Desde muy joven siempre me cundió más estudiar por la noche que en cualquier otro momento, y mis épocas de agobio escolar han sido épocas de trasnochar, apurando hasta los penúltimos cinco minutos más, y de despertar doloroso a la hora de siempre, que por desgracia no podía cambiar. Y para mí, leer no es lo mismo cuando no es por la noche.

Pero mi gran descubrimiento de la noche fue, claro está, al empezar a salir. He sido tremendamente nocturna. He apurado noches, y las he llegado a juntar una tras otra (y tras otra y tras otra, incluso), y muchos de los momentos más divertidos, locos, emotivos o trascendentales de mi juventud han tenido lugar o están ligados a la noche. De noche me he enamorado, claro, e incluso me he tenido que desenamorar. Conozco la noche, y sus cebos, y sus ventajas, y sus encantos, y sus peligros, y sus trampas, y sus engaños. Y su final.

Aún ahora, en que al fin era verdad "que la vida iba en serio" y  llega la edad vencedora, que yo creí que no iba a llegar nunca, intentando convencerme, tozuda y elocuente, de que la noche no es para mí (al menos no todas las noches, como antes), sigo paladeando esas noches de cenitas y copas, aunque cada vez me atraiga más que sean en casa, la verdad. Pero hay días felices que siguen estando ligados a noches felices.

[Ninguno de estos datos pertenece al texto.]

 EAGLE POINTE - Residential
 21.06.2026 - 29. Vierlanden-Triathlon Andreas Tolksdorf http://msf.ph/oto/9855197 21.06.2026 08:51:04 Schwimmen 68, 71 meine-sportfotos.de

Aunque esto de madrugar a la fuerza hace que los días felices requieran, de forma impepinable, una noche feliz de plácido y profundo sueño, lo más largo posible, que nunca es demasiado. Porque sigo remoloneando para irme a dormir. Y porque ya lo dice el dicho: que la cabra tira al monte, y el búho, a la noche, por mucho que se quiera domesticar.